Margaret Howe Lovatt (born 1942) is an American former volunteer naturalist from Saint Thomas, U.S. Virgin Islands. In the 1960s, she took part in a NASA-funded research project in which she attempted to teach a dolphin named Peter to understand and mimic human speech. As a child, she was inspired by a book called Miss Kelly, a story about a cat who communicated with humans. This inspired her to research teaching animals to speak human language.

== Dolphinarium ==
When she was in her early 20s, Lovatt lived on the Caribbean island of St. Thomas, where there was a laboratory to research dolphins. The director of the laboratory, Gregory Bateson, allowed her to observe dolphin behavior, and was impressed by her enthusiasm and diligence as an observer despite her lack of scientific training. While volunteering at the laboratory, she met John C. Lilly, a neuroscientist with the California Institute of Technology. He was building a research laboratory with funding from NASA and the United States Navy with the goal of speaking to extraterrestrial life forms. In order to simulate this situation, he built a "Dolphinarium", a dolphin-house flooded with water, on Saint Thomas. There Lilly accommodated three dolphins, two females named Sissy and Pamela and one younger male bottlenose dolphin named Peter. All of them were taken from Marine Studios and had been co-starring in the television show Flipper. In 1964, the "Dolphinarium" was fully functional, and as Lilly was often traveling, he assigned Lovatt to train the dolphins.

The goal of the "Dolphinarium" experiment was to teach dolphins human language. Over a period of two years, Lilly and Lovatt, both with very different approaches, tried to prove that human language could be mimicked by dolphins. Lovatt reasoned that if she lived with the dolphins and made human-like sounds, similar to how a mother teaches her child to speak, they would have more success. She tried speaking slowly and changing the pitch of her tone to help Peter pronounce the words that she wanted him to learn.
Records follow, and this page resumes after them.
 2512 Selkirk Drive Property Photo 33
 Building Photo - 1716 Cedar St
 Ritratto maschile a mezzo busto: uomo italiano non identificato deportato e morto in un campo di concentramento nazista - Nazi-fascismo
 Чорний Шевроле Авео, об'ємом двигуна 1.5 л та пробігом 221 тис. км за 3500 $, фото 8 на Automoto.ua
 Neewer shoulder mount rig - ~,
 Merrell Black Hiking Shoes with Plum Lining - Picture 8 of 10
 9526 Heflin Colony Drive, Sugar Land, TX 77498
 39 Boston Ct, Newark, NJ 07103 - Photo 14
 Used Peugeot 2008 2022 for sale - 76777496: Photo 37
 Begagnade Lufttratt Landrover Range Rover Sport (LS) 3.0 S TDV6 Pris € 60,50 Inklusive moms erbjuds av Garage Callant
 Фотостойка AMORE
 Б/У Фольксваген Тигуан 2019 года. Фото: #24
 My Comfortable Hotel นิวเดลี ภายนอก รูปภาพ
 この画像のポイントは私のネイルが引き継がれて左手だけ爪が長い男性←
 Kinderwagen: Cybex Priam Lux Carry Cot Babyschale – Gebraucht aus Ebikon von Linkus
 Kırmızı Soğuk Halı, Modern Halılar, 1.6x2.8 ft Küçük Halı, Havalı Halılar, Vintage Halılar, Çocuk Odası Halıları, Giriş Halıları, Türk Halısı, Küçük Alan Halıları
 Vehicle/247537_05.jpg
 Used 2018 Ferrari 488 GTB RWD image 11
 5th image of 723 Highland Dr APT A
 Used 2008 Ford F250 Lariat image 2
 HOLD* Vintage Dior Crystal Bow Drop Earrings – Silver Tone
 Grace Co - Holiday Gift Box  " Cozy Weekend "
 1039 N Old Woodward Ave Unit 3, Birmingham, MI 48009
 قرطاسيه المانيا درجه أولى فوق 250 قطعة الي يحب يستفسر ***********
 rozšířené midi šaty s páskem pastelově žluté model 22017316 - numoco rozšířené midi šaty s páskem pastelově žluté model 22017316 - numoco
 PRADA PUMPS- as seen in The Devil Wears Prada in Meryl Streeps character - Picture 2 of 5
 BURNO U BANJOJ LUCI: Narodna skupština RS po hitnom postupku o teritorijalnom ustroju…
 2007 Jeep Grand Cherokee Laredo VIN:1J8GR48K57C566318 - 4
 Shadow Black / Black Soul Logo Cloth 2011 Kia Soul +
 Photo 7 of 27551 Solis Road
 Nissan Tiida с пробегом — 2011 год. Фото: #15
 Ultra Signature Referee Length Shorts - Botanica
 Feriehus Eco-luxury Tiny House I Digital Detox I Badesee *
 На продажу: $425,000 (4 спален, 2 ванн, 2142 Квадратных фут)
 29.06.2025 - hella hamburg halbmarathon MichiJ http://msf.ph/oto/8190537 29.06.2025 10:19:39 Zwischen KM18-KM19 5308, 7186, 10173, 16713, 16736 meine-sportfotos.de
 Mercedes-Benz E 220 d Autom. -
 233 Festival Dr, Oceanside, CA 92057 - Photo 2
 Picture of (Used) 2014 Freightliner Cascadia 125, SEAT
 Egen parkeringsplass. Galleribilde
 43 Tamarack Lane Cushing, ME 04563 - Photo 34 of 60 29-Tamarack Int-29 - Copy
Lovatt and the pubescent male dolphin Peter spent all their time together in the isolated "Dolphinarium" where she documented Peter's progress with her twice-daily lessons and encouragement to say the words "Hello Margaret". According to Lovatt, the "m" sound was extremely difficult for Peter to pronounce without making bubbles in the water.

Lovatt's experiments, and her relationship with Peter the dolphin, were documented in Christopher Riley's documentary The Girl Who Talked to Dolphins.

== Complications ==
Peter, being an adolescent dolphin, frequently had sexual urges which disrupted his lessons, and taking Peter to a downstairs pool with two female dolphins proved to be a logistical issue for Lovatt. Eventually, Lovatt relieved Peter's urges herself, stating "It wasn't sexual on my part. Sensuous perhaps. It seemed to me that it made the bond closer. Not because of the sexual activity, but because of the lack of having to keep breaking. And that's really all it was. I was there to get to know Peter. That was part of Peter ... It would just become part of what was going on, like an itch, just get rid of that scratch and we would be done and move on."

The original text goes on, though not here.